Bootstrapping Stepwise Regression in Stata

Question

By using _b as a short-cut, the first iteration defined which coefficients were to be stored by simulate in all subsequent iterations. That is fine for most simulation programs, as those would use a fixed set of coefficients, but not what you want to use in combination with sw. So I adapted the program to explicitly list the coefficients (possibly missing when not selected) that are to be stored.

I also changed your programs such that they will run faster by avoiding mkmat and svmat and replacing those computations with predict and generate. I also changed it to make it fit more with conventions in the Stata community that a command will only replace a dataset in memory after a user explicitly asks for it by specifying the clear option. Finally I made sure that names of variables and scalars created in the program do not conflict with names already present in memory by using tempvar and tempname.

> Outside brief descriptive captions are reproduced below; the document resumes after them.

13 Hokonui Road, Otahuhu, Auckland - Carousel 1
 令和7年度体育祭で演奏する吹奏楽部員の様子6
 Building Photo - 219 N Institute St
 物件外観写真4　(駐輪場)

These will also be automatically deleted when the program ends.

clear all
program define sw_pbs, rclass
    syntax varlist, clear [reps(integer 100)]

    gettoken depvar indepvar : varlist
    foreach var of local indepvar {
        local res "`res' `var'=r(`var')"
    }

    simulate `res', reps(`reps') : sw_pbs_simulator `varlist'
end

program define sw_pbs_simulator, rclass
    syntax varlist
    tempname rmse b
    tempvar yhat y
    gettoken depvar indepvar : varlist
    reg `depvar' `indepvar'
    scalar `rmse' = e(rmse)
    predict double `yhat' if e(sample) 
    gen double `y' = `yhat' +  rnormal(0, `rmse') 
    sw reg `y' `indepvar', pr(0.10) pe(0.05)

    // start returning coefficients
    matrix `b' = e(b)
    local in : colnames `b'
    local out : list indepvar - in
    foreach var of local in {
        return scalar `var' = _b[`var']
    }
    foreach var of local out {
        return scalar `var' = .
    }
end